Yeah. And just maybe,
thank you.
Yeah. Thanks, Sami. And maybe just addressing your second part of that question a little bit more. We know from our market research that getting patients to one year or beyond one year is a watershed moment to them. So we'll obviously be watching the maturity of this data set to see whether we can bring a majority of these patients over that line. But as you know, and as we've talked about, our first two patients that we've dosed with miv-cel, our first patients are now getting beyond the 24-month mark, which is truly remarkable.
And I think really shows how transformative and impactful this is going to be for patients, particularly when you think about this as a one-time therapy where you can also remove all the other background immunosuppressants and other immunomodulatory therapies that these patients have been burdened with over the years.
Thank you. As a reminder to ask a question, please press star 11. Our next question comes from Mitchell Kapoor with HC Wainwright. Your line is open.
Hi. Good morning. This is Katie on for Mitchell. Fantastic presentation. And thank you for answering questions today. Have you guys considered a dose-ranging study in the future for either SPS or other autoimmune indications? Is that something you guys are looking at or might find valuable?
Naji, you could add a little bit more here, but we did some of the dose-ranging work and some of the earlier clinical trials and IIT work. We have now landed on a final target dose of 100 million cells that we are using in SPS as well as MG. That is the go-forward indication up to this point for other future indications that we are exploring as well. Naji, do you want to comment any further on that?
No, you summed it up perfectly, Warner. 100 million dose is our therapeutic dose that we are for miv-cel dosing patients across multiple indications.
Yeah.
But maybe what you're referring to, Katie, is something exciting that we're really excited about, is the emerging data from the IITs, particularly some of the more recently presented data in multiple sclerosis as well as rheumatoid arthritis that really show the transformative impact of miv-cel across these other larger indications. So as we continue to advance our strategy, starting with SPS, and myasthenia gravis will be our second indication. We're looking at larger indications where we know the impact of this therapy can have a tremendous impact on patients.
Great. Thank you.
Thank you. I'm showing no further questions at this time. I'd like to turn the call back over to Warner Biddle for closing remarks.
Thank you, Operator. And thank you all for joining us today. Today marks a significant milestone for SPS patients, for Kyverna, and for the autoimmune CAR-T field.
KYSA-8 is the first completed registration-enabling autoimmune CAR-T trial.

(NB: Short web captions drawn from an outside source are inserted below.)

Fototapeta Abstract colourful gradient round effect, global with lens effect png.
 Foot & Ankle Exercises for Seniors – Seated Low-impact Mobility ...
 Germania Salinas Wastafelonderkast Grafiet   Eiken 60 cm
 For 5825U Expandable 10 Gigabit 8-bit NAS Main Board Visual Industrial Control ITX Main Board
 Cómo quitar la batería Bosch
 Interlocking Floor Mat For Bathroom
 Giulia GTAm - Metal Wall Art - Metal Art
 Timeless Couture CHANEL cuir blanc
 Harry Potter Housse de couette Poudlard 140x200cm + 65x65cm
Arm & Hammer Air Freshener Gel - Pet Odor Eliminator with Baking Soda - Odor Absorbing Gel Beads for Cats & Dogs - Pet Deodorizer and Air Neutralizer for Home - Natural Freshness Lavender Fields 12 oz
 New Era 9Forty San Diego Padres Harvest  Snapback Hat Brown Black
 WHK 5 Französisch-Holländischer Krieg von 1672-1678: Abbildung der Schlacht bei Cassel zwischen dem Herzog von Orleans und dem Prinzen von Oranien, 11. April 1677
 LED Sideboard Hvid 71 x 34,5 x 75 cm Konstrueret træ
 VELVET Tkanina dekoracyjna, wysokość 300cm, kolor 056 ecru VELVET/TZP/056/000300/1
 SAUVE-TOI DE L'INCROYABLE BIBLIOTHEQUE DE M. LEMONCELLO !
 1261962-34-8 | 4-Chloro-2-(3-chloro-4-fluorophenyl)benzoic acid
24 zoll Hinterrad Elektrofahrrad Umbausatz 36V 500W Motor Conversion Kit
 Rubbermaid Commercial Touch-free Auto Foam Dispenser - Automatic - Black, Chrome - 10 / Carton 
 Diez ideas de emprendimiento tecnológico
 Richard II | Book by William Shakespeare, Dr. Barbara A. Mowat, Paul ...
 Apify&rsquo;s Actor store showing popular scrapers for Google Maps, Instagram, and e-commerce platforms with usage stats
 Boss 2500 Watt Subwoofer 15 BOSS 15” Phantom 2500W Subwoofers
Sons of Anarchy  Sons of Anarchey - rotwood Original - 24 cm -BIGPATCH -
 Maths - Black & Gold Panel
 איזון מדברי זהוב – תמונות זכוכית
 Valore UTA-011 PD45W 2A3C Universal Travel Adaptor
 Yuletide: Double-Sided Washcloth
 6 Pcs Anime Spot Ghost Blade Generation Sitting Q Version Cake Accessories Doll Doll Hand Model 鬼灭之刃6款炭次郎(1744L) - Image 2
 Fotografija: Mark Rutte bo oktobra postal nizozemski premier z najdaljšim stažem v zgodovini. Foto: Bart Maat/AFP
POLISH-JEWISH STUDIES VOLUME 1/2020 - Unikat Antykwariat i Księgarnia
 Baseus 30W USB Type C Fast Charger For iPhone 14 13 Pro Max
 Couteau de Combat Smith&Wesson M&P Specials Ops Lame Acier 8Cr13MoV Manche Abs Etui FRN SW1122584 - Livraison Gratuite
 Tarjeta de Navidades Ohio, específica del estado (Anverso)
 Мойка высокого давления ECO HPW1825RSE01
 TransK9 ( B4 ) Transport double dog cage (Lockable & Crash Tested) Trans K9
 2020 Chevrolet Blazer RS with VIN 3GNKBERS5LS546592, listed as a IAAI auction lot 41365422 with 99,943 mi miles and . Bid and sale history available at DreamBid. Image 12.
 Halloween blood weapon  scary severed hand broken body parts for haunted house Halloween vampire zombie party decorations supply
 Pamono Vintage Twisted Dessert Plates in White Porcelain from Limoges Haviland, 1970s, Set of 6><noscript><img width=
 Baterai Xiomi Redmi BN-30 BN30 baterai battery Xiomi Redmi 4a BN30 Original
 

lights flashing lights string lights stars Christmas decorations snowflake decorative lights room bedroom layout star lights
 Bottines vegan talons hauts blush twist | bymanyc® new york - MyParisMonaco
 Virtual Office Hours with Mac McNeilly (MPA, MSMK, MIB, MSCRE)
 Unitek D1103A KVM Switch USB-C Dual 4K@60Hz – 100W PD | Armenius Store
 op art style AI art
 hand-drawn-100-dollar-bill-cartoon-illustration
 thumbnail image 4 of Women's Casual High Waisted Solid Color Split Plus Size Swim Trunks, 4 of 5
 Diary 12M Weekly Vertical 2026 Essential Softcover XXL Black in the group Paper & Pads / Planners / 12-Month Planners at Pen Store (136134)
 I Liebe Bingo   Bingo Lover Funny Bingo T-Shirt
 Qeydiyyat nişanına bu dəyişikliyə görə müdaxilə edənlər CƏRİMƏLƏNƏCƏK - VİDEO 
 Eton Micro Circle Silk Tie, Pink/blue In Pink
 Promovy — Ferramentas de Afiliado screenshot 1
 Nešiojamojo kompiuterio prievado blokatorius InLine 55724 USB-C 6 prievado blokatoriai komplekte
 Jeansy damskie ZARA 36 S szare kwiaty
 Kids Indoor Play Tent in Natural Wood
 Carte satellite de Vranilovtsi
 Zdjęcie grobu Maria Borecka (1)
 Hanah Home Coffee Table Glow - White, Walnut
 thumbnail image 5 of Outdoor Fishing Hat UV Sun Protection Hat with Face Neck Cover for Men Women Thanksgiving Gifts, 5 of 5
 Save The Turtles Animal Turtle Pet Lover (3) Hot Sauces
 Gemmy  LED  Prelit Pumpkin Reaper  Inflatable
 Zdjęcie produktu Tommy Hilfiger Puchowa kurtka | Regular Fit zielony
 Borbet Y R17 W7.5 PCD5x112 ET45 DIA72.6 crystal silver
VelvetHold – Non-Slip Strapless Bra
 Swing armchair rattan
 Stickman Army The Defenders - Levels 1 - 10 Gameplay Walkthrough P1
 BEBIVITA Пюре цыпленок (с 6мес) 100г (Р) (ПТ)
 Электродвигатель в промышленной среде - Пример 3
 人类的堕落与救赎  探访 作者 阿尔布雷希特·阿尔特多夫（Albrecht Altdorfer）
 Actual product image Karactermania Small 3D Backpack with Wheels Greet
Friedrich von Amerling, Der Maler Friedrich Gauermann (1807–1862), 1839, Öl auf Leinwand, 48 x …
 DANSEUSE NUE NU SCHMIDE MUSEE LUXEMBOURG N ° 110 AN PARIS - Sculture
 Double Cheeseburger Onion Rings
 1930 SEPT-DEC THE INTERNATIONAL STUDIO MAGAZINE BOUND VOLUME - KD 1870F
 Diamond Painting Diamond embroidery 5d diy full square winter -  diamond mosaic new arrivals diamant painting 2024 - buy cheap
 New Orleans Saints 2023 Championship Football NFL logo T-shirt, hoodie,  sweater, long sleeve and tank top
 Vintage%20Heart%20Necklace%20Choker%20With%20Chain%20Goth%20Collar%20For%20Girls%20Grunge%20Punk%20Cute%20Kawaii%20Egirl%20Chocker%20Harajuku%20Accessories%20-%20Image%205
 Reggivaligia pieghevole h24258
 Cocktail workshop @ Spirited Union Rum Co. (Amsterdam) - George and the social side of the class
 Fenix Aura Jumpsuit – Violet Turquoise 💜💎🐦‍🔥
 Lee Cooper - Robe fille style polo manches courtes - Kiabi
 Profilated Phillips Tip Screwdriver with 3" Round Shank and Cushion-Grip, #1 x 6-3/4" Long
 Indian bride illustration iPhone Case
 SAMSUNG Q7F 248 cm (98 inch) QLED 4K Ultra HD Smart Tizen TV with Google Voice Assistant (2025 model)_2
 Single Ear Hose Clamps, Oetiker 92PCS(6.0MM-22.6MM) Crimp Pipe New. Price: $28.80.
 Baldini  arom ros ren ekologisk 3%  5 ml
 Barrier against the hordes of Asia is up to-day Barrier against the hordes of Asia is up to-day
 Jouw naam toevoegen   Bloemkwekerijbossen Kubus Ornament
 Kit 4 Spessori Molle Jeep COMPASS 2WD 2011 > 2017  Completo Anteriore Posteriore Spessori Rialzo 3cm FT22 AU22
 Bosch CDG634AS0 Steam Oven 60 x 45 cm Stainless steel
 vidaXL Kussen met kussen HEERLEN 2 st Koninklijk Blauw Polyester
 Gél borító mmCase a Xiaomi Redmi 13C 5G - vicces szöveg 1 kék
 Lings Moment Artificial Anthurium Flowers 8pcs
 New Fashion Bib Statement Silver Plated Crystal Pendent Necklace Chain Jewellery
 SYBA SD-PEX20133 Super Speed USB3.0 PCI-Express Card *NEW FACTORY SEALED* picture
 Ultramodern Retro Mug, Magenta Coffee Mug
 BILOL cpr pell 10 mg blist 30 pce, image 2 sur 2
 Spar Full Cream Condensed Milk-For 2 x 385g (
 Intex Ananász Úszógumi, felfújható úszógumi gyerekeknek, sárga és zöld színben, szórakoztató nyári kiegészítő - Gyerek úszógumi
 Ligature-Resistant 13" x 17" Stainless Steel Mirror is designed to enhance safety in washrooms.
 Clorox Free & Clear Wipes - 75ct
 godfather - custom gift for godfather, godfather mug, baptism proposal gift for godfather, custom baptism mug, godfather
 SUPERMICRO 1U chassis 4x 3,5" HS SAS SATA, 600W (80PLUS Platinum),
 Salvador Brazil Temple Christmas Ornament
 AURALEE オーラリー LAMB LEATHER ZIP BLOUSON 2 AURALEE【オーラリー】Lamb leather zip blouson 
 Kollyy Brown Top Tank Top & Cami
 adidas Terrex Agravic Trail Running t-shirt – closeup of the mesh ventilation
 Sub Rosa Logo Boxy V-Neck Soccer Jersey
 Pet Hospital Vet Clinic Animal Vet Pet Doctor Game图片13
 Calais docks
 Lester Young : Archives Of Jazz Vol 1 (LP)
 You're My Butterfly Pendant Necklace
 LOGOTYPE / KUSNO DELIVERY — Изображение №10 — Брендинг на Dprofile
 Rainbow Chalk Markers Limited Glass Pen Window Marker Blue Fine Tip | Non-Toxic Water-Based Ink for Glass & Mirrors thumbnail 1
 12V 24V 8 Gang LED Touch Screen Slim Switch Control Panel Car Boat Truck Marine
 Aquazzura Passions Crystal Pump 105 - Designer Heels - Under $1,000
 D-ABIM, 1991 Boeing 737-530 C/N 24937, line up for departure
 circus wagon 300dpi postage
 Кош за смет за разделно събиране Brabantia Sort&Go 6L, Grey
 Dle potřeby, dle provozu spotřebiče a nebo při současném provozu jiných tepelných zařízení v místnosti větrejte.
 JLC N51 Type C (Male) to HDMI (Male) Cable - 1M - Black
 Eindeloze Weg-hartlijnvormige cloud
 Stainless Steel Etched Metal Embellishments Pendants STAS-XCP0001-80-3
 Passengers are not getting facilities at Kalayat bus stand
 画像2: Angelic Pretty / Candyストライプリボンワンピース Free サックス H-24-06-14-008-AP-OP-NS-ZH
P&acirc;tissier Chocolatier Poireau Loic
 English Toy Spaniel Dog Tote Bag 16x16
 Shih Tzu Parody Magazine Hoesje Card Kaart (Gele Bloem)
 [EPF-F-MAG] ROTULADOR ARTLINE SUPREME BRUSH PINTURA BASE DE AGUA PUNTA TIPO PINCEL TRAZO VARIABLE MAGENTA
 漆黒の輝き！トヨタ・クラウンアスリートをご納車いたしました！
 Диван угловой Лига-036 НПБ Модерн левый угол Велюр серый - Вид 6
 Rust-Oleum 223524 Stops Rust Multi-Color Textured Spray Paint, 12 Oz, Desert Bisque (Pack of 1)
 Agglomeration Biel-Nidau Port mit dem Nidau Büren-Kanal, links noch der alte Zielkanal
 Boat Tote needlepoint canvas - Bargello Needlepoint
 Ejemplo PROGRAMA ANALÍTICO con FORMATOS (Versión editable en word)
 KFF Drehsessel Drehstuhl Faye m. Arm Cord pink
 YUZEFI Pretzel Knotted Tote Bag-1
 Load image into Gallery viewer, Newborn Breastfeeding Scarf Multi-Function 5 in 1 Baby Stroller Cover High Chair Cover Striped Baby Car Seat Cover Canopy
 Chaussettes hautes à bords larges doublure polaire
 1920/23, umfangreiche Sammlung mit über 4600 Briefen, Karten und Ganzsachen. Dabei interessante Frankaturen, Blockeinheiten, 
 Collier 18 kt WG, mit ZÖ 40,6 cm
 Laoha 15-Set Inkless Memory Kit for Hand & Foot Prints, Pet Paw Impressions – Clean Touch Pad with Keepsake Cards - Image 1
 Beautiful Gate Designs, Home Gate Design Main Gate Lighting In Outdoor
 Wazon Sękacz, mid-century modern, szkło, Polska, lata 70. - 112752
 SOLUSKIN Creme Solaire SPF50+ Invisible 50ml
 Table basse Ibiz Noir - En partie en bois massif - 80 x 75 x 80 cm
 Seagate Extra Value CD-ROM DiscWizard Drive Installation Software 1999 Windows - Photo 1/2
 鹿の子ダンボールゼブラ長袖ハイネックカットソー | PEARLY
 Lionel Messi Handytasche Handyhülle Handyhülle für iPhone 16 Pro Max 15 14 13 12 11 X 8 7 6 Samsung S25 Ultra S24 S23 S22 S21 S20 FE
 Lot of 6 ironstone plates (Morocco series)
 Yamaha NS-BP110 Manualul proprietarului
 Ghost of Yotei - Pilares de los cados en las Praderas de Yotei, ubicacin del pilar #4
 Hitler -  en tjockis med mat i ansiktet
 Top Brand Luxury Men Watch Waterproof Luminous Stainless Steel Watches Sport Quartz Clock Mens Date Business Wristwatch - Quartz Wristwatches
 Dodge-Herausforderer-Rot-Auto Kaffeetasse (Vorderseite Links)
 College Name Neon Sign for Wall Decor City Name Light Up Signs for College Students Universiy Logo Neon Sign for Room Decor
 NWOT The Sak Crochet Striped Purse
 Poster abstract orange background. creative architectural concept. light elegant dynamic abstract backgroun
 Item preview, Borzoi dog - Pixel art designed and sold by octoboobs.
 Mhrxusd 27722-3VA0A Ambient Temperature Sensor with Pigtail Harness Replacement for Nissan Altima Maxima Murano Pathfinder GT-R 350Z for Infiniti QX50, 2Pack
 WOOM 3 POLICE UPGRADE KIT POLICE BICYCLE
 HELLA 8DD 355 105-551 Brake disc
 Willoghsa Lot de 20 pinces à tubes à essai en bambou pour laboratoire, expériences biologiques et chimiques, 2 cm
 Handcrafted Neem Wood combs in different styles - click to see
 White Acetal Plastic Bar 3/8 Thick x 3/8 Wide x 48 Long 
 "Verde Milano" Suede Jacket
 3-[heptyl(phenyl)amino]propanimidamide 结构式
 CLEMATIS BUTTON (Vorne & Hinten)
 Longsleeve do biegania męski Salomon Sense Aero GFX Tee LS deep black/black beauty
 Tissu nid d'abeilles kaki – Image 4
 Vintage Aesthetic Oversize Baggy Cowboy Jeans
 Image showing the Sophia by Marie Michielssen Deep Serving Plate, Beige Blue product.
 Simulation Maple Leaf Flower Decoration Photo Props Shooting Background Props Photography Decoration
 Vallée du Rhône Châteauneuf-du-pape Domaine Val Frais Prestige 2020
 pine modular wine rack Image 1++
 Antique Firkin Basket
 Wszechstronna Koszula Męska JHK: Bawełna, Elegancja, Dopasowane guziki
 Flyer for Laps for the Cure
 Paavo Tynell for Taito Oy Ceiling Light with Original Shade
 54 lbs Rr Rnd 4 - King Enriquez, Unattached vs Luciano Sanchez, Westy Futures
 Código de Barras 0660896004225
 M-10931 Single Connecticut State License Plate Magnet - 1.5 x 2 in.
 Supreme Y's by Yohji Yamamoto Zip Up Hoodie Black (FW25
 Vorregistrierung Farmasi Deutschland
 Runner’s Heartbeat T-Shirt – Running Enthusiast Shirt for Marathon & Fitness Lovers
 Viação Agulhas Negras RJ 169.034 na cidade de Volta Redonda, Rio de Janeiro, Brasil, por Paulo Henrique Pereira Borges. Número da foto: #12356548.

And we're uniquely positioned to deliver the first approved CAR-T therapy for autoimmune diseases and also the first FDA-approved therapy for SPS, a debilitating and progressive autoimmune disease impacting several thousands of patients. Importantly, today's data supports our ability to establish our first mover advantage in autoimmune CAR-T and lays the important groundwork for future indications such as myasthenia gravis and others, further solidifying our leadership in this space. And finally, we remain confident on the valuable commercial opportunity in SPS, which is underpinned by our focused go-to-market strategy and deep CAR-T commercialization experience. Lastly, before we conclude, and on behalf of my entire leadership team, I want to express our gratitude to the patients and families who participated in the KYSA-8 study and our investigators, clinical site teams, including Dr.
Piquet, who's graciously shared her time today and her expert perspectives with us on this call. I also want to acknowledge the entire Kyverna organization for their hard work and dedication on behalf of our patients. Thank you.
Thank you for your participation. You may now disconnect. Everyone, have a great day.